Let $X$ be a vector field on the manifold $M$ and let $Y$ be a vector field on $N$. Denote with $e^{tX}$, $e^{tY}$ the flows they generate, that is $$ u(t)=e^{tX}p\quad \text{is the unique solution to }\quad \begin{cases} \dot{u}(t)=X_{u(t)} \\ u(0)=p\end{cases}$$ and similarly for $e^{tY}$. Assume that both $X$ and $Y$ are complete, meaning that $e^{tX}$ and $e^{tY}$ are defined for all $t\in \mathbb{R}$, regardless of the initial condition.

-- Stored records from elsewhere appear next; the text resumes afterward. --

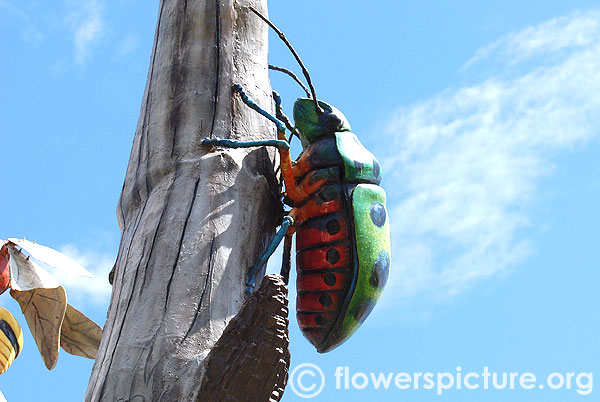 Beetle on the tree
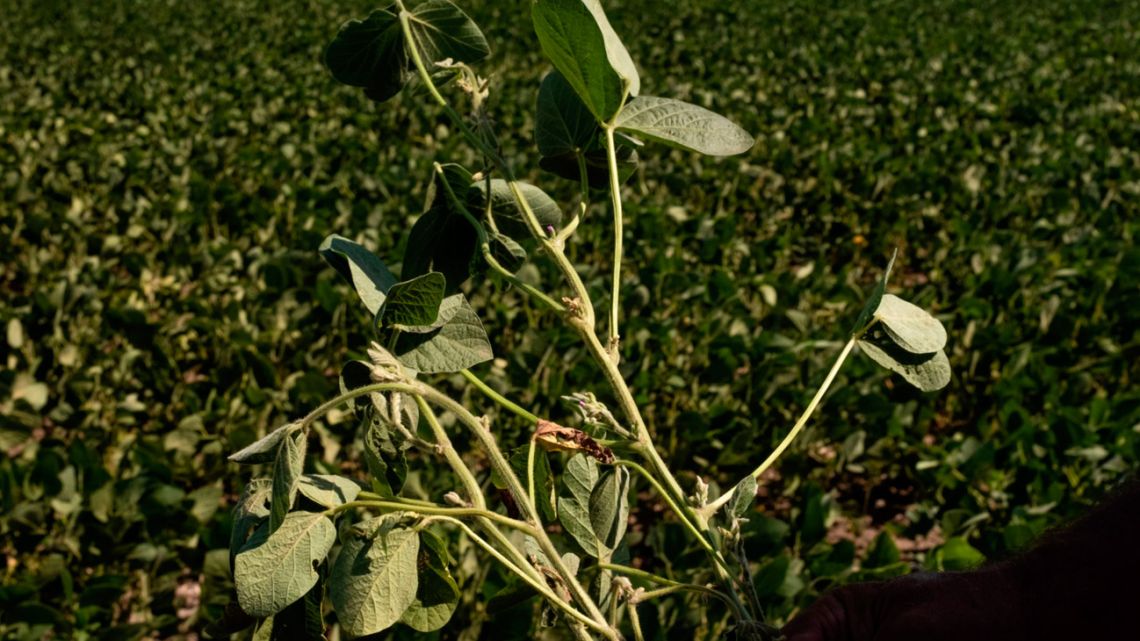 A soybean plant in a field in Buenos Aires Province. 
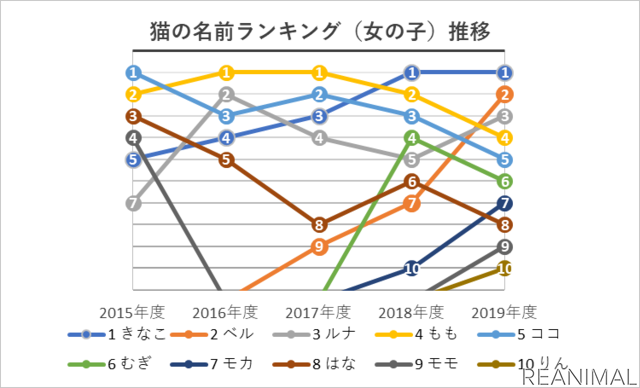 アイペット損保、「ペットの名前ランキング2020」を発表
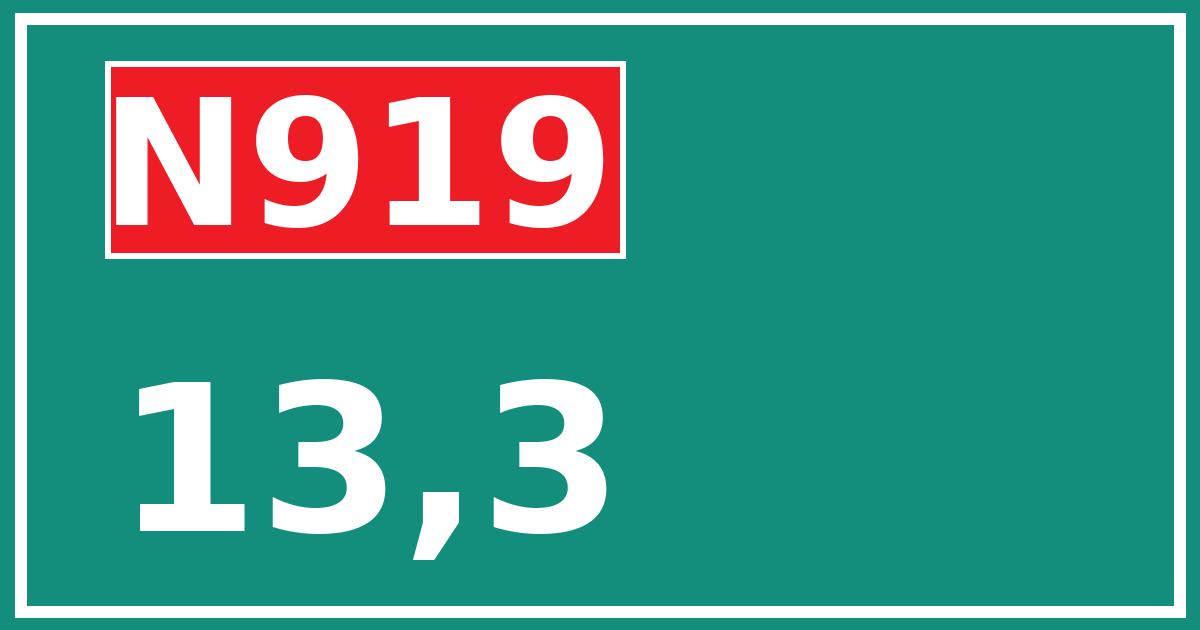 Hectometerbord N919 13,3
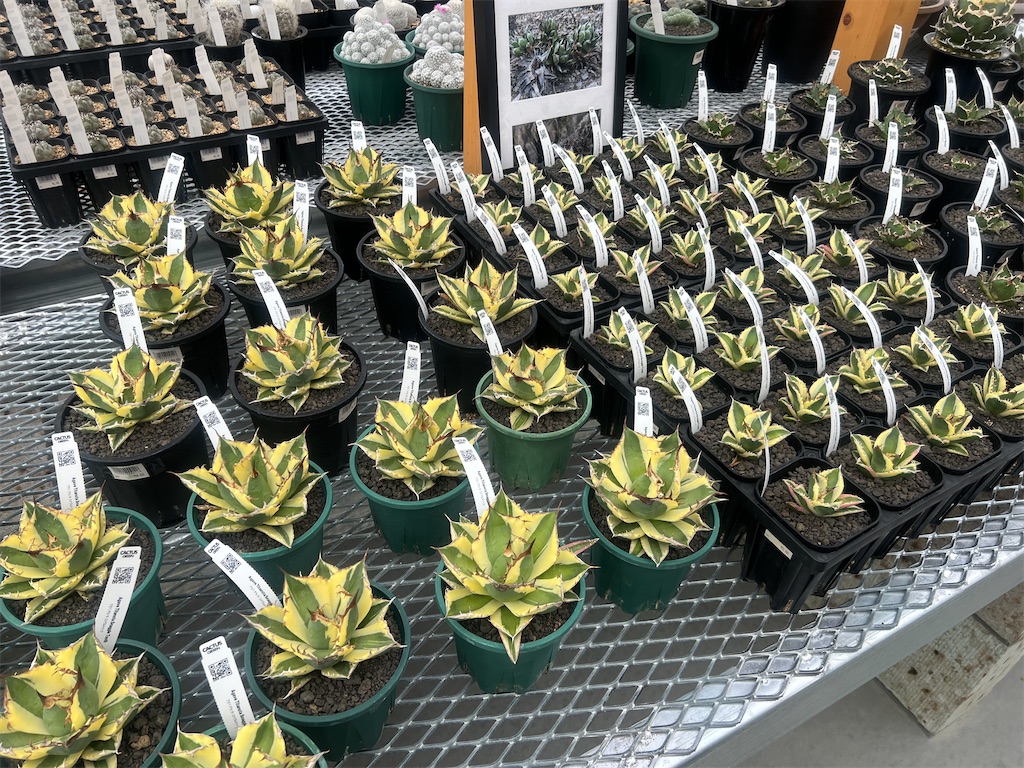 CACTUS GREEN】カクタスグリーンの実店舗に行ってきました【オープン日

Let $F\colon M \to N$ be smooth. By differentiating at $t=0$, one sees that the property $$\tag{1} F(e^{tX}p)=e^{tY}F(p),\quad \forall p\in M,\ \forall t \in \mathbb{R}$$ implies $$\tag{2} F_{\star{}p}X_p=Y_{F(p)}, \quad \forall p \in M,$$ the term $F_\star$ denoting the push-forward.
Question. Does $(2)$ imply $(1)$?
In the special case $M=\mathbb{R}^n, N=\mathbb{R}$ and $$ e^{tX}p=e^t p,\quad e^{tY}\lambda=e^{k t}\lambda, $$ the equivalence between (1) and (2) holds, and it is called Euler's homogeneous function theorem.